Woodland Park Police Department Promotes Officers and Restructures Agency

Rick Luebke Photo ©

Department Pursues Changes Sparked by Internal Investigation

Trevor Phipps

Earlier this month, the Woodland Park Police Department announced the promotion of four officers to supervisory roles leading to a complete restructuring of the department’s leadership roles.

The moves have come after the police agency has experienced a significant amount of turmoil over the last year.

The leadership change first started when previous Police Chief Miles DeYoung was put on paid leave due to an investigation surrounding workplace misconduct. In the end, DeYoung retired after the investigation, conducted by a third party, recommended his termination.

Then shortly after the police chief was put on leave, Commanders Andy Liebrand and Ryan Holzwarth were put on administrative leave surrounding a criminal investigation.
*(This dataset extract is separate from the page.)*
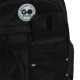 GoPack Black 21L Teen Backpack – Chest Strap, Laptop, for Heights 145-175 cm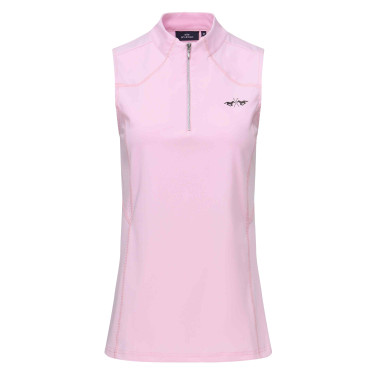 Ärmelloses Tech-Poloshirt HV Polo Maxime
The criminal investigation is still open, but neither of the commanders are employed with the department.

An independent investigation conducted by the city led to the termination of Commander Liebrand and Patrol Sergeant Mike McDaniel after it found them negligent in how they dealt with a welfare call that turned into a suicide.

The city also conducted a second investigation into Commander Holzwarth and it found some concerning behavior. However, according to Interim Deputy Police Chief Rodney Gehrett, Holzwarth has since resigned from his position with the police department.

After DeYoung retired, Stephen Hasler was hired as the city’s interim police chief until the position is filled permanently. Then, Gehrett was hired as the interim deputy police chief to conduct the role of the two previous commanders.

After the patrol sergeant position became open, the department made promotions as a part of their restructuring. “These promotions occurred to fill position vacancies,” Gehrett said. “And in the process of filling the vacancies, we did away with two corporal positions and replaced those with sergeant positions. Our goal is to have a supervisor on every shift to address issues as they arise.”

Now the department has three patrol sergeant positions and one detective sergeant role. Sergeants Dena Currin and Richard Avery were promoted from patrol corporals to patrol sergeants. Beth Huber remains in her spot as the third patrol sergeant.

Meanwhile, Patrol Corporal Courtney Ledvina was promoted from that of an officer position. Detective Sergeant Shannon Everhart was promoted to her current position after serving as a detective. Everhart will now take on additional roles in her new position as well as leading the investigations division.

The department’s next efforts will be to fill the interim police chief and interim deputy chief positions once their contracts expire in 2022.